The shoulder rotation exercise constituted a series of movements, similar to the pushing-pedals-down exercise. In this study, we used the four movements shown Fig. 8a, b, c and d as checkpoints. As long as the user did the four movements in the correct order, the system would determine that the user had finished one shoulder rotation exercise. The four movements could be detected using the X, Y, and Z information of the Shoulder_Right, Shoulder_Left, Elbow_Right, and Elbow_ Left joint points. Another Finite State Machine (\( {FSM}^2 \)) was designed in this study to detect the shoulder rotation exercise. There were four input signals, \( {IS}_1^2 \), \( {IS}_2^2 \), \( {IS}_3^2 \), and \( {IS}_4^2 \). \( {IS}_1^2=1 \)\( {IS}_2^2=1 \), \( {IS}_3^2=1 \), and \( {IS}_4^2=1 \) represent that the system detected the movements in Fig. 8a, b, c and d, respectively.

In Fig. 8a, moreover, the arms were relaxed and were lower than the shoulders. Thus, the Y value of the Elbow_Right joint point was larger than the Y value of the Shoulder_Right joint point. Similarly, the Y value of Elbow_Left joint point would be larger than the Y value of Shoulder_Left joint point. The difference between the Y value of Elbow_Right and the Y value of Shoulder_Right was about half the distance of the user’s forearm. This feature could be calculated by the equation below.

$$ \left\{\begin{array}{l}{Y}_{\mathrm{Elbow}\_\mathrm{Right}}-{Y}_{\mathrm{Shoulder}\_\mathrm{Right}}\ge \frac{D_{\mathrm{Elbow}\_\mathrm{Shoulder}}}{2}\hfill \\ {}{Y}_{\mathrm{Elbow}\_\mathrm{Left}}-{Y}_{\mathrm{Shoulder}\_\mathrm{Left}}\ge \frac{D_{\mathrm{Elbow}\_\mathrm{Shoulder}}}{2}\hfill \end{array}\right. $$
(4)

\( {D}_{\mathrm{Elbow}\_\mathrm{Shoulder}} \) in the equation was a parameter figured out during the calibration stage.

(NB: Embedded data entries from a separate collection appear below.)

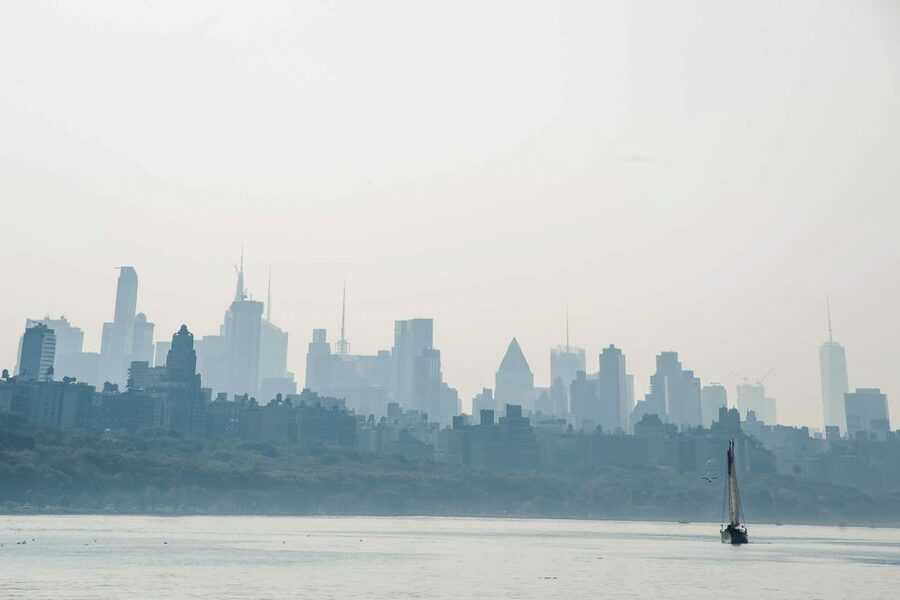 NYC: Grand Palisades Fall Foliage Yacht Tour - Choosing between the observatory and the bow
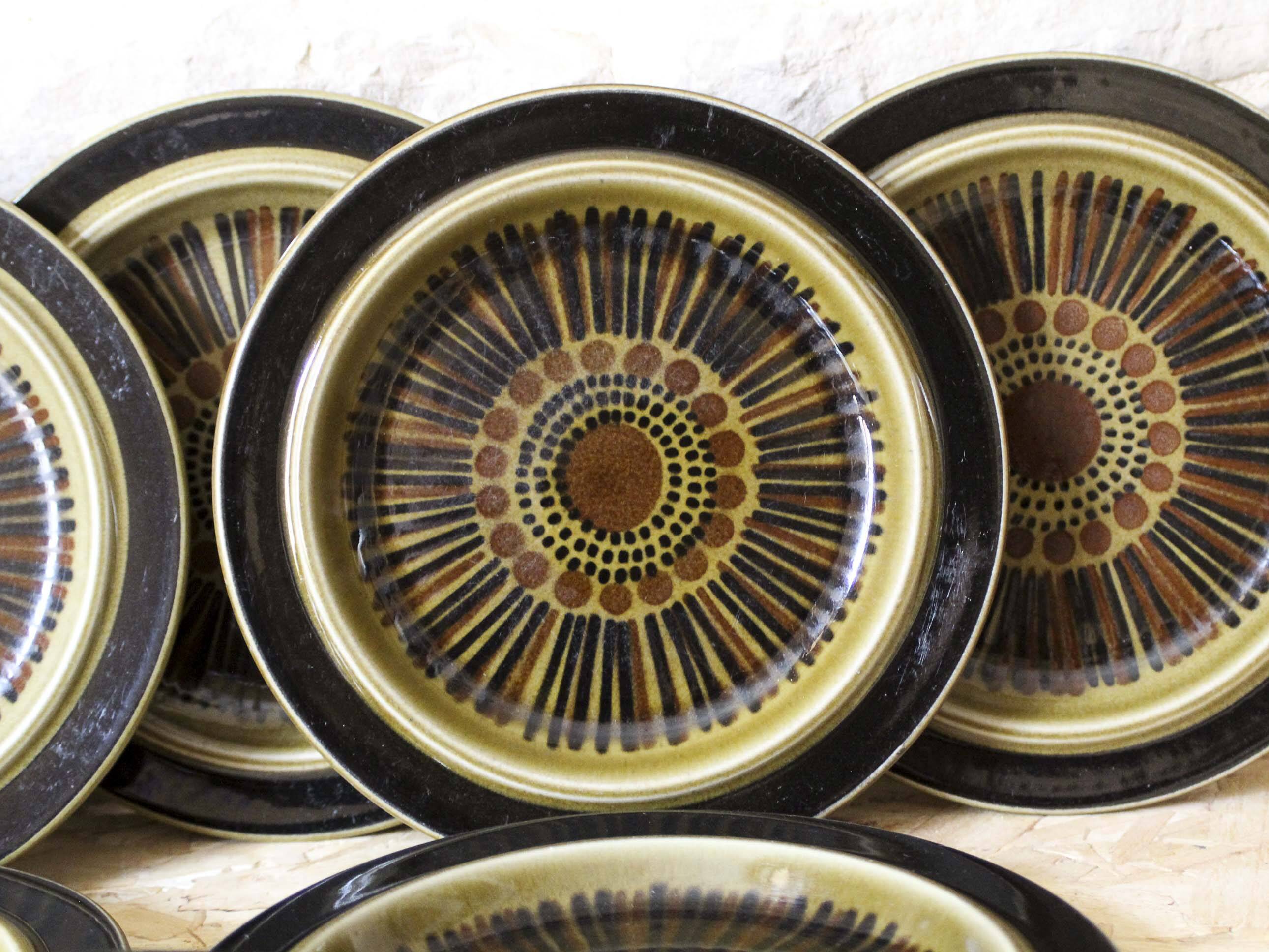 10 Kosmos series dessert plates by Arabia Finland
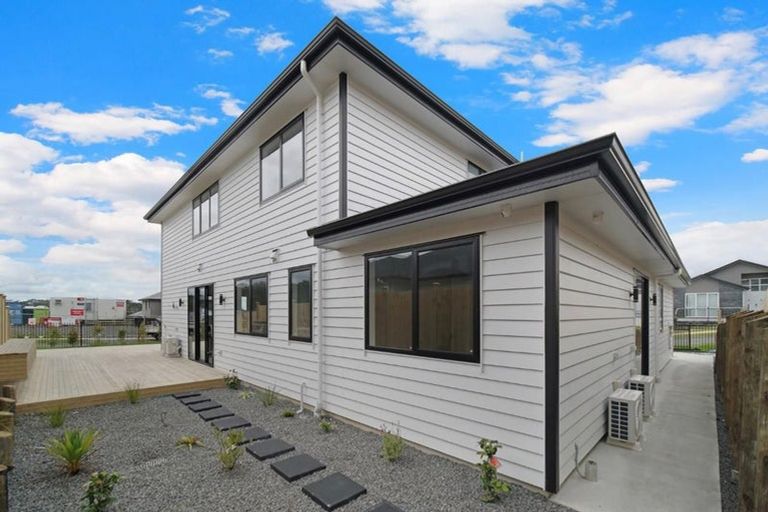 Photo of property in 1 Kate Duncan Drive, Swanson, Auckland, 0614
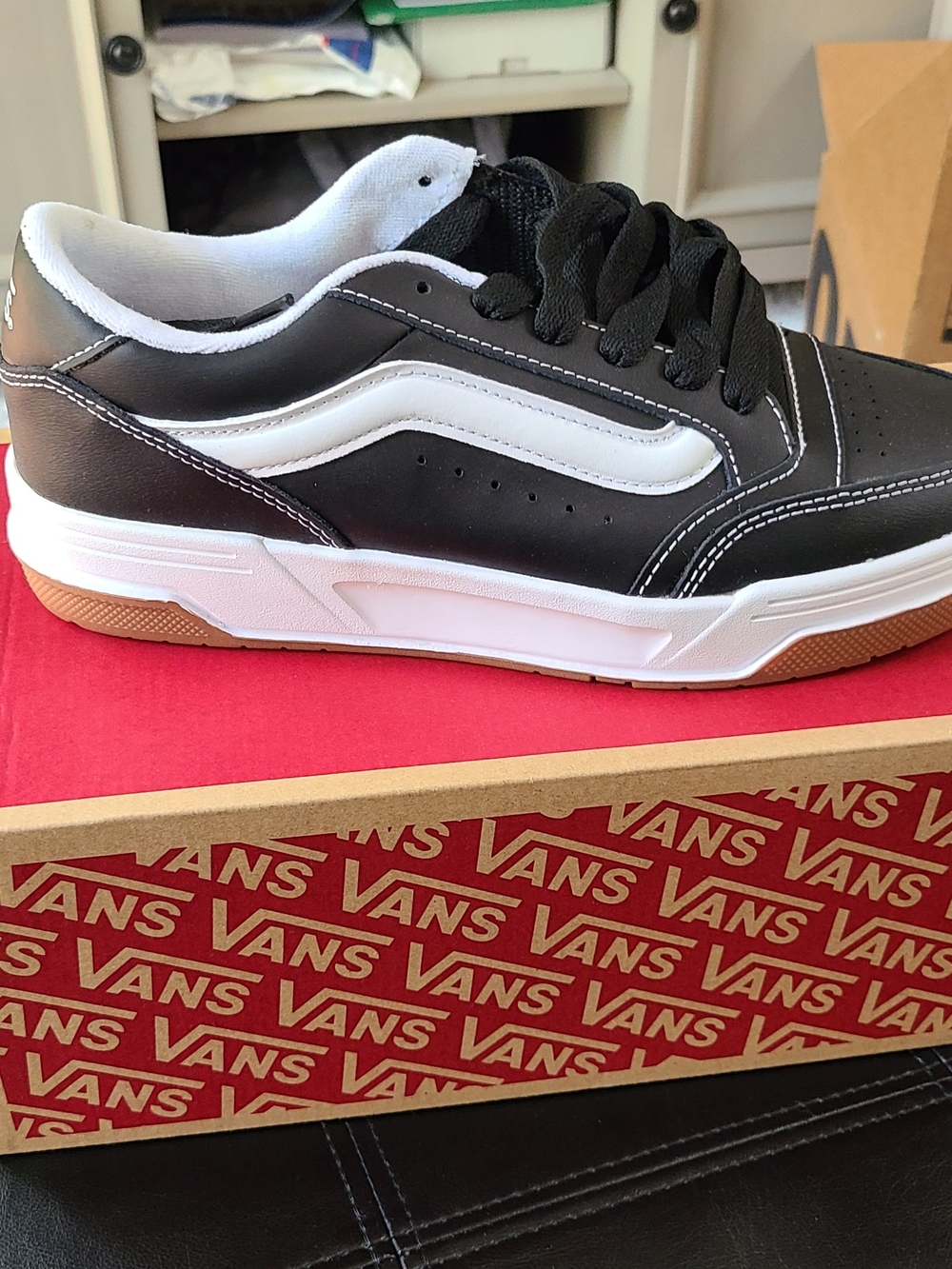 Vans Hylane Unisex Retro Low-Top Skate Sneakers Women 9.5 Men 8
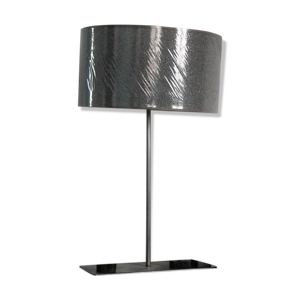 Lampe en métal avec abat jour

If all four conditions were met, the system would generate the \( {IS}_1^2=1 \) signal, which means that the movement in Fig. 8a was detected. Otherwise, \( {IS}_1^2=0 \) would remain.

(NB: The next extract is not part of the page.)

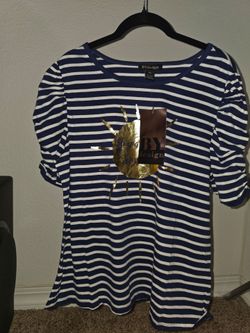 New with tags BY Design women’s striped short sleeve top, size Petite XL / PXL.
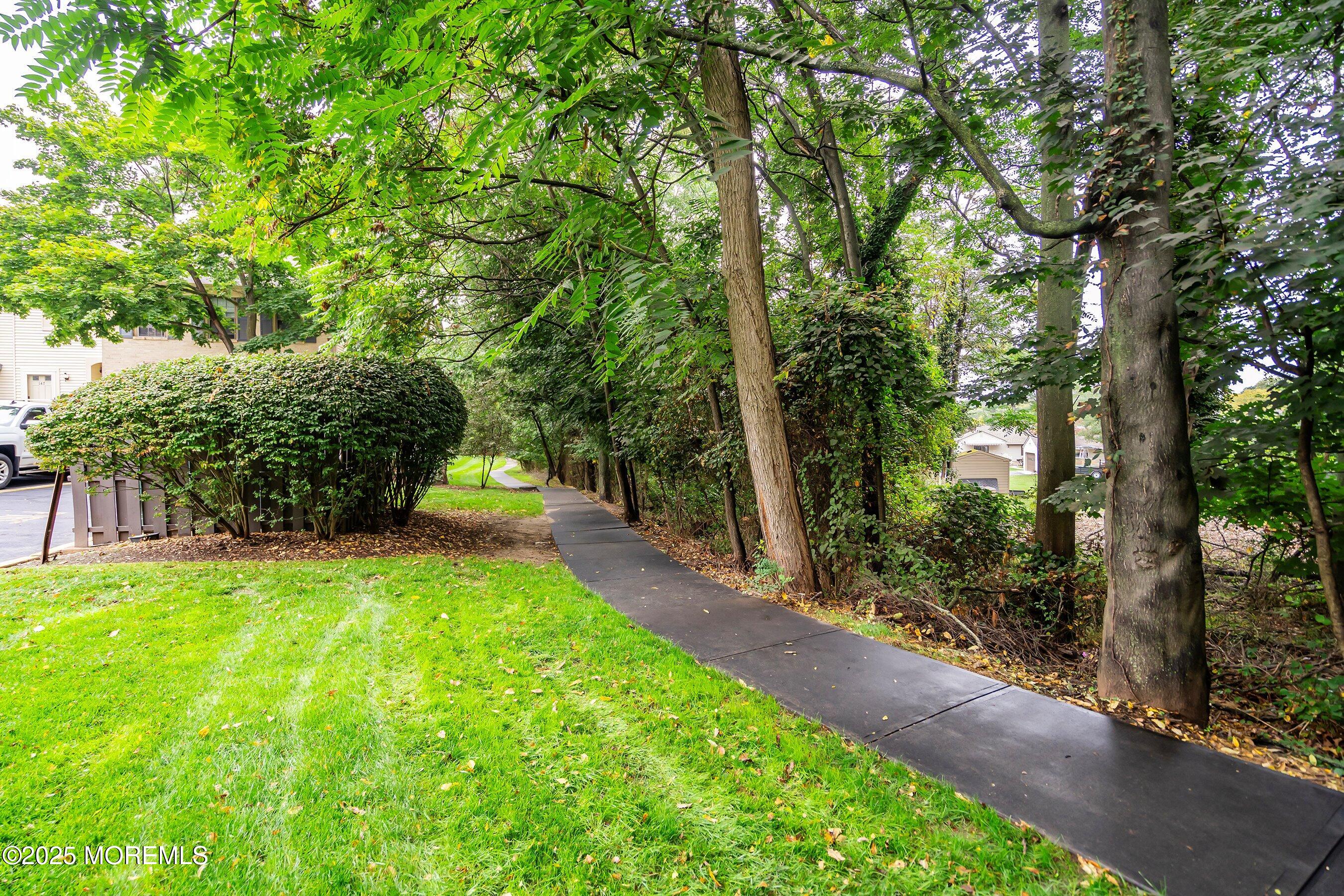107 Dundee Court, Aberdeen, New Jersey image 33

In Fig. 8b, the elbows were in front of the shoulders. The Shoulder_Right joint point would therefore be blocked by the Elbow_Right joint point. The X, Y, and Z values of Shoulder_Right were unknown in this state. Also, the Shoulder_Left joint point would be blocked by the Elbow_Left joint point. The X, Y, and Z values of Shoulder_Left were also unknown. The distance between the elbows was required to be close to that of the distance between the shoulders in Fig. 8b. Such a requirement resulted in \( \left|{X}_{\mathrm{Elbow}\_\mathrm{Right}}-{X}_{\mathrm{Elbow}\_\mathrm{Left}}\right|\cong {D}_{Shoulder} \), where \( {D}_{Shoulder} \) was a parameter figured out during the calibration stage. If the above conditions were met, the system would generate the \( {IS}_2^2=1 \) signal, meaning that the movement in Fig. 8b had been detected; otherwise, \( {IS}_2^2=0 \) would remain.

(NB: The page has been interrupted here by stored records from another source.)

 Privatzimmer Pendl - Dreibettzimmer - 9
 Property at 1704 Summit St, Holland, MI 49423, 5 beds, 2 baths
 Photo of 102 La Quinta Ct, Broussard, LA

In Fig. 8c, the elbows were moved toward the head. In this situation, the Y value of the Elbow_Right joint point would be smaller than the Y value of the Shoulder_Right joint point. When the elbows reached a certain height, the difference between the two Y values was almost half the distance of the length of the user’s forearm. It was the same for the Elbow_Left and Shoulder_Left joint points. The movement in Fig. 8c was figured out by the following equation.

$$ \left\{\begin{array}{l}{Y}_{\mathrm{Shoulder}\_\mathrm{Right}}-{Y}_{\mathrm{Elbow}\_\mathrm{Right}}\ge \frac{D_{\mathrm{Elbow}\_\mathrm{Shoulder}}}{2}\hfill \\ {}{Y}_{\mathrm{Shoulder}\_\mathrm{Left}}-{Y}_{\mathrm{Elbow}\_\mathrm{Left}}\ge \frac{D_{\mathrm{Elbow}\_\mathrm{Shoulder}}}{2}\hfill \end{array}\right. $$
(5)

\( {D}_{\mathrm{Elbow}\_\mathrm{Shoulder}} \) in the equation represents the parameter obtained during the calibration stage. If the above conditions were met, the system would generate \( {IS}_3^2=1 \), which means that the movement in Fig. 8c was detected. Otherwise, \( {IS}_3^2=0 \) would remain.

The biggest feature in Fig. 8d was that the elbows were parallel to the two shoulders. At this moment, the Z value of the Shoulder_Right joint point was close to that of the Elbow_Right joint point. The feature can be detected using Eq. (3). In addition, the X values of the Shoulder_Right and Elbow_Right joint points should be close to the length of the user’s forearm. Thus, \( \left|{X}_{\mathrm{Shoulder}\_\mathrm{Right}}-{X}_{\mathrm{Elbow}\_\mathrm{Right}}\right|\cong {D}_{\mathrm{Elbow}\_\mathrm{Shoulder}} \). It was the same for the Shoulder_Left and Elbow_Left joint points, and therefore, \( \left|{X}_{\mathrm{Shoulder}\_\mathrm{Left}}-{X}_{\mathrm{Elbow}\_\mathrm{Left}}\right|\cong {D}_{\mathrm{Elbow}\_\mathrm{Shoulder}} \). If the above conditions were met, the \( {IS}_4^2=1 \) signal would be generated, meaning that the movement in Fig. 8d was detected. Otherwise \( {IS}_4^2=0 \) would remain.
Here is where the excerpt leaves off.